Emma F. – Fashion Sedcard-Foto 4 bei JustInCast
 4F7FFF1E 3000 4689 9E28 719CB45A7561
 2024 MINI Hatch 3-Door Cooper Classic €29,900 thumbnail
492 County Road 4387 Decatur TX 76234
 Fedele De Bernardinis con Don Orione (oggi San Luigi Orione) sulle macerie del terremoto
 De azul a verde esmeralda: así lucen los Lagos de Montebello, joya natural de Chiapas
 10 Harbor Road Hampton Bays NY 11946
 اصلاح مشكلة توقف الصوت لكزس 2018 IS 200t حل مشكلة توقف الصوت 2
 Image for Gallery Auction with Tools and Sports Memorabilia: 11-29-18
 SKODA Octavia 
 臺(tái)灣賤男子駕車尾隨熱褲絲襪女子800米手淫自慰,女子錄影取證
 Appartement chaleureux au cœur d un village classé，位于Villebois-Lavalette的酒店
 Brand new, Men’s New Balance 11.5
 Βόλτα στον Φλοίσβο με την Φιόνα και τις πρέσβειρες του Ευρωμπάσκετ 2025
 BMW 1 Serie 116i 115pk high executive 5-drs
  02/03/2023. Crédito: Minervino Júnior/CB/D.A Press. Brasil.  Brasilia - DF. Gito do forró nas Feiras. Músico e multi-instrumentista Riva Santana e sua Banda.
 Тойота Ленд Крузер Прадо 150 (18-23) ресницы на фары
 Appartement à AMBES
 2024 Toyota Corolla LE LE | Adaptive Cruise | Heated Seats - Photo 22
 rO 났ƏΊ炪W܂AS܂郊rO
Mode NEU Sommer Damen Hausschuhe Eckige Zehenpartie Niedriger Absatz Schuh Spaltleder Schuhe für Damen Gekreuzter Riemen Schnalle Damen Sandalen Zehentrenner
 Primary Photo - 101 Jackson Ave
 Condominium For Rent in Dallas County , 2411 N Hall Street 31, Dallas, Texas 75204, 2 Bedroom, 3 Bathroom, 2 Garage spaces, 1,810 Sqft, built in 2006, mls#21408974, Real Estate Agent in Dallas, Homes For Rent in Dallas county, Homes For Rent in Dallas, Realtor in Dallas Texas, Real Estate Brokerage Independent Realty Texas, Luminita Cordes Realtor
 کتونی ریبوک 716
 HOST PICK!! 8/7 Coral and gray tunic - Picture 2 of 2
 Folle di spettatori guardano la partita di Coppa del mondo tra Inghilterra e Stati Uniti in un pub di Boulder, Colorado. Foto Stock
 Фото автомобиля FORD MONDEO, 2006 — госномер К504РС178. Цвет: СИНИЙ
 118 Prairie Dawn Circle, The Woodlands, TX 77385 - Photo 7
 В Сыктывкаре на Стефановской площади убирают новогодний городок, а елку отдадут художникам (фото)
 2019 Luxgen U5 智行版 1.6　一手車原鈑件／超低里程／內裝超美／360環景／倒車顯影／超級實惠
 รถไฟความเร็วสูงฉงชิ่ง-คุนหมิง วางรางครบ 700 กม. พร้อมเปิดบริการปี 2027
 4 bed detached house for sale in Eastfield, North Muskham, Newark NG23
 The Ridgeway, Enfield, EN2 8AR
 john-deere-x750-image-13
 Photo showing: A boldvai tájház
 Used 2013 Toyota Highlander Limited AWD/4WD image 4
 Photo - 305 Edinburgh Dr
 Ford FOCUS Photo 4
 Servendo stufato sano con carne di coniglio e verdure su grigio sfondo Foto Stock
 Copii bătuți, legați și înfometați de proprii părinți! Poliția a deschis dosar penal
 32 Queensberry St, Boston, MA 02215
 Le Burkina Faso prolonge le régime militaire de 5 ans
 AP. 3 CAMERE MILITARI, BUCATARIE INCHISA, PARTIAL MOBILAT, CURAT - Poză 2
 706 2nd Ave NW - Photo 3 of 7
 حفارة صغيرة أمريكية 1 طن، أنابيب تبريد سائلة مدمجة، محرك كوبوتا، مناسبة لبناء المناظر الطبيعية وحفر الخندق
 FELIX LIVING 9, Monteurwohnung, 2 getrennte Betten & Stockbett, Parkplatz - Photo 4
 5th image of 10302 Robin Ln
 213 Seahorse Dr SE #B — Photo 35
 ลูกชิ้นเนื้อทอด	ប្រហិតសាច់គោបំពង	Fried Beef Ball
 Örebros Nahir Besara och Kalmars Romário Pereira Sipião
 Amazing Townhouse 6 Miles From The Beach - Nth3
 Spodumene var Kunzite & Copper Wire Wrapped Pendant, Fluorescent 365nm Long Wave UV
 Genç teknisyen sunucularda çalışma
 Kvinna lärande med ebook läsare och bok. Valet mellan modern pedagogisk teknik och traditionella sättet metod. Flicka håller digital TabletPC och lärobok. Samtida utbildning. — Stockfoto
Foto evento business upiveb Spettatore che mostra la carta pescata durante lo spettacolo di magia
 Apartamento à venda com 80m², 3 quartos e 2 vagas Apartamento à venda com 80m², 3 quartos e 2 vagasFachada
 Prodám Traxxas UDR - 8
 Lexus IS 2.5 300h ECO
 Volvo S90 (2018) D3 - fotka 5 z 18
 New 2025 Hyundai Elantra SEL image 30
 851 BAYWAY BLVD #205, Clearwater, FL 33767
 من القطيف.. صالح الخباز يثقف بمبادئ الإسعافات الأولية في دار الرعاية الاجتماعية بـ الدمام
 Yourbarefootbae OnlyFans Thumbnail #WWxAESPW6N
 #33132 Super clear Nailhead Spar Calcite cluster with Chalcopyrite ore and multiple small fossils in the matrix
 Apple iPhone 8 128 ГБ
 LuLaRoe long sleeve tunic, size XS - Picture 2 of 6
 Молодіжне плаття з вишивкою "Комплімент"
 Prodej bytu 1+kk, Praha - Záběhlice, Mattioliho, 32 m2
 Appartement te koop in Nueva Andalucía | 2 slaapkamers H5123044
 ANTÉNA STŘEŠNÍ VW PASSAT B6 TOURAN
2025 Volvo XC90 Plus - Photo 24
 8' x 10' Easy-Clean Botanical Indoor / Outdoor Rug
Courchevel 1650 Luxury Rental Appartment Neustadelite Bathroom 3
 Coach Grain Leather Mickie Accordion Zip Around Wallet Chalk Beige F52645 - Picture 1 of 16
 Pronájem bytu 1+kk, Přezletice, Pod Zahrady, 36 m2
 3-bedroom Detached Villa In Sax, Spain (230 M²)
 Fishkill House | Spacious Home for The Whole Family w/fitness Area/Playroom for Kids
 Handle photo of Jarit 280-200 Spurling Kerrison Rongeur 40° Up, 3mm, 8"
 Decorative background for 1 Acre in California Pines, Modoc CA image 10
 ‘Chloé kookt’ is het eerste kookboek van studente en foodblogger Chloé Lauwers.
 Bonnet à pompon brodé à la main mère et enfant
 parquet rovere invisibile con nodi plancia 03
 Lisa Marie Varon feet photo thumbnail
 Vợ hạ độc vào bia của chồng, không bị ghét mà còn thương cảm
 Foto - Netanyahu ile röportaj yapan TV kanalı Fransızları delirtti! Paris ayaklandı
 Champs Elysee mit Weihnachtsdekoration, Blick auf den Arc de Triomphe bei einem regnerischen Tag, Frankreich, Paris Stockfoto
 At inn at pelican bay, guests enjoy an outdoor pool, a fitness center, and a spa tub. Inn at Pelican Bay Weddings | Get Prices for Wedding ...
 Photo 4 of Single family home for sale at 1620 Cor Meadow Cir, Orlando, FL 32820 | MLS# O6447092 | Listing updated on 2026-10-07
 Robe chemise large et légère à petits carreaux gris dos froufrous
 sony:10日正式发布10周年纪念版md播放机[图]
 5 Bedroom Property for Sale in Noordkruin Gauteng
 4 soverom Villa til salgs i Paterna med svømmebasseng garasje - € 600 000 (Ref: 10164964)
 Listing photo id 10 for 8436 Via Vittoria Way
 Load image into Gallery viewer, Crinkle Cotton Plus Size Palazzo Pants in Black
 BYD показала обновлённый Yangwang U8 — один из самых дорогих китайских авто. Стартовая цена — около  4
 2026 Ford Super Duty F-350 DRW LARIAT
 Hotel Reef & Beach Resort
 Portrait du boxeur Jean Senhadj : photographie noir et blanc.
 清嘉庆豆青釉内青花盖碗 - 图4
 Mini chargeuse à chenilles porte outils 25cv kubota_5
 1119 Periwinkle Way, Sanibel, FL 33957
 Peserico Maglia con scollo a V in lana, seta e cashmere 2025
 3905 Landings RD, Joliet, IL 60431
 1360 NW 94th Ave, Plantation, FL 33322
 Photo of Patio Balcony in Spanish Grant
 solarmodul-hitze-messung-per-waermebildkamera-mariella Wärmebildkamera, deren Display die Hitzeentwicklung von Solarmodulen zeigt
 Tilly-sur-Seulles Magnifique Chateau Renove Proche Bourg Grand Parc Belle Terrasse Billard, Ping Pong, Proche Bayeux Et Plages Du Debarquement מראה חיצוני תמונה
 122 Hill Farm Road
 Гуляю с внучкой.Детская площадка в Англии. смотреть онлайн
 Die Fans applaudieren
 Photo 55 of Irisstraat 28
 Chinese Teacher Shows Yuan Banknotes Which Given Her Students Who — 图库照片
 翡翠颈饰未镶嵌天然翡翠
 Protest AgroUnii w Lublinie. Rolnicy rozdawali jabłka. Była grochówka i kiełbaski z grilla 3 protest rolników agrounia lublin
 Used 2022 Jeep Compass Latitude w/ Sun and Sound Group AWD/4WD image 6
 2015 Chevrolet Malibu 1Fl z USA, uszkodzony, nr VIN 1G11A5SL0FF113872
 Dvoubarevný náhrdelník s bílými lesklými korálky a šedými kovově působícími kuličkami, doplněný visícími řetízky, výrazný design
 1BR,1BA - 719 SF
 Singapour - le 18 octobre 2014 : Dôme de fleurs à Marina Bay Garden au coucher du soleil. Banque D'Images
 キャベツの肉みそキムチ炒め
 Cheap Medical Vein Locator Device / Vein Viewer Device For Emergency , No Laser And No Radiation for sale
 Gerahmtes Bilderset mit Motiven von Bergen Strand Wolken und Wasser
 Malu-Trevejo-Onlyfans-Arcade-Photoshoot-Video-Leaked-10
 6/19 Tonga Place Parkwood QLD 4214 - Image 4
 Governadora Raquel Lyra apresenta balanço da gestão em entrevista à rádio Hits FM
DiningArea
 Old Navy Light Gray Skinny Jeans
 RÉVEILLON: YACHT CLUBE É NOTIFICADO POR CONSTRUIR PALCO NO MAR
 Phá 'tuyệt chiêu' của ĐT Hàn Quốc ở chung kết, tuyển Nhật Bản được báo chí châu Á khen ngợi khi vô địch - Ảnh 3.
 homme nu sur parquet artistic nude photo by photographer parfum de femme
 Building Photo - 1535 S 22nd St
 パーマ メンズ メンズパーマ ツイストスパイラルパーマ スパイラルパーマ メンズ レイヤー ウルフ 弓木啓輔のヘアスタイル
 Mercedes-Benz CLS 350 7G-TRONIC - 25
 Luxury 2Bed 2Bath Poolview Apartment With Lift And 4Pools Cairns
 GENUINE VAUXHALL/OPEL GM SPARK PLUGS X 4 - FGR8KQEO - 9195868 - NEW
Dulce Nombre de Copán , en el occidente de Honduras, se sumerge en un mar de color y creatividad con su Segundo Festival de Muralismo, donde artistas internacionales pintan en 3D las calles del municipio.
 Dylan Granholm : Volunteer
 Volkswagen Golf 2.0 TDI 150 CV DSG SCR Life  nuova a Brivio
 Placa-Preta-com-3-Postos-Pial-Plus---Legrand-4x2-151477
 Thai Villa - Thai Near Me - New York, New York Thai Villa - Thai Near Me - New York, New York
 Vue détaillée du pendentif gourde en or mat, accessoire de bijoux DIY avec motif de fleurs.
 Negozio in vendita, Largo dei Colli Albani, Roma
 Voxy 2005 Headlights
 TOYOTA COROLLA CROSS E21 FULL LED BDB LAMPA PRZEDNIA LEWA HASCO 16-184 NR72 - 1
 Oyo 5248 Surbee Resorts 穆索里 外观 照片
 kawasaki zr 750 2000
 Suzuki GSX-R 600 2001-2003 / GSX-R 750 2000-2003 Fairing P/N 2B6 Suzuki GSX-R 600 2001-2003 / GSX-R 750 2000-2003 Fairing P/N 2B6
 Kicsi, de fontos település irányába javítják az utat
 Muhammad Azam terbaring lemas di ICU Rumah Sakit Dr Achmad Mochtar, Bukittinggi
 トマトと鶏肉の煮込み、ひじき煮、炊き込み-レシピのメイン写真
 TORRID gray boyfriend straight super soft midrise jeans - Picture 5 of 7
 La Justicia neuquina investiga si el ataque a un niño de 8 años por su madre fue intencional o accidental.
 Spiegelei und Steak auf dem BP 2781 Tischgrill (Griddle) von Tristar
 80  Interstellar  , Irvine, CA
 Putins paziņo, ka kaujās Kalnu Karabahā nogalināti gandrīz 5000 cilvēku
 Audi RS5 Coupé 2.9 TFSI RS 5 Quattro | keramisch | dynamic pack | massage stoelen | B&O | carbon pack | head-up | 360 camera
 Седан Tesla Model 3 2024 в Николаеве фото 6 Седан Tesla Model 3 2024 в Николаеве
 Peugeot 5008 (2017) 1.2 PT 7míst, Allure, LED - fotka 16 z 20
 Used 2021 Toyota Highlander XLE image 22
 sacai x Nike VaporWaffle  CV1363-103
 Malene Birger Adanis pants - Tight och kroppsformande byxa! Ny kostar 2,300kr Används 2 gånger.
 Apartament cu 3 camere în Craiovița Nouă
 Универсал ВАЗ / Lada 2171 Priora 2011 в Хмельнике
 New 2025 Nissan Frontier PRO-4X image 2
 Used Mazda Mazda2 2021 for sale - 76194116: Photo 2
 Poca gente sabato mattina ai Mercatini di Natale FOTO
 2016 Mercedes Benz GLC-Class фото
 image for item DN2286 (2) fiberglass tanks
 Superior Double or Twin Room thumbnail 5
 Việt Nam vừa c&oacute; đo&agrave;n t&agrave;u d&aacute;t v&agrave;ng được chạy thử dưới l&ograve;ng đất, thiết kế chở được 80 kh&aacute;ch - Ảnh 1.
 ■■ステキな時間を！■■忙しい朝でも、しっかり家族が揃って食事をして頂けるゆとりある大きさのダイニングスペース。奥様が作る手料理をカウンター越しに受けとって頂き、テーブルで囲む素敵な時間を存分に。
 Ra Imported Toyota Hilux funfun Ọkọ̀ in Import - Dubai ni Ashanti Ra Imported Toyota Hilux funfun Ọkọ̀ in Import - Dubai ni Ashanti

+ + +

_PROBLEM STATEMENT_. Please give back only the lines between the first line of the entries and the line with "rO 났ƏΊ炪W܂AS܂郊rO", both ends included, word for word.

_EXERCISE ANSWER_.
Emma F. – Fashion Sedcard-Foto 4 bei JustInCast
 4F7FFF1E 3000 4689 9E28 719CB45A7561
 2024 MINI Hatch 3-Door Cooper Classic €29,900 thumbnail
492 County Road 4387 Decatur TX 76234
 Fedele De Bernardinis con Don Orione (oggi San Luigi Orione) sulle macerie del terremoto
 De azul a verde esmeralda: así lucen los Lagos de Montebello, joya natural de Chiapas
 10 Harbor Road Hampton Bays NY 11946
 اصلاح مشكلة توقف الصوت لكزس 2018 IS 200t حل مشكلة توقف الصوت 2
 Image for Gallery Auction with Tools and Sports Memorabilia: 11-29-18
 SKODA Octavia 
 臺(tái)灣賤男子駕車尾隨熱褲絲襪女子800米手淫自慰,女子錄影取證
 Appartement chaleureux au cœur d un village classé，位于Villebois-Lavalette的酒店
 Brand new, Men’s New Balance 11.5
 Βόλτα στον Φλοίσβο με την Φιόνα και τις πρέσβειρες του Ευρωμπάσκετ 2025
 BMW 1 Serie 116i 115pk high executive 5-drs
  02/03/2023. Crédito: Minervino Júnior/CB/D.A Press. Brasil.  Brasilia - DF. Gito do forró nas Feiras. Músico e multi-instrumentista Riva Santana e sua Banda.
 Тойота Ленд Крузер Прадо 150 (18-23) ресницы на фары
 Appartement à AMBES
 2024 Toyota Corolla LE LE | Adaptive Cruise | Heated Seats - Photo 22
 rO 났ƏΊ炪W܂AS܂郊rO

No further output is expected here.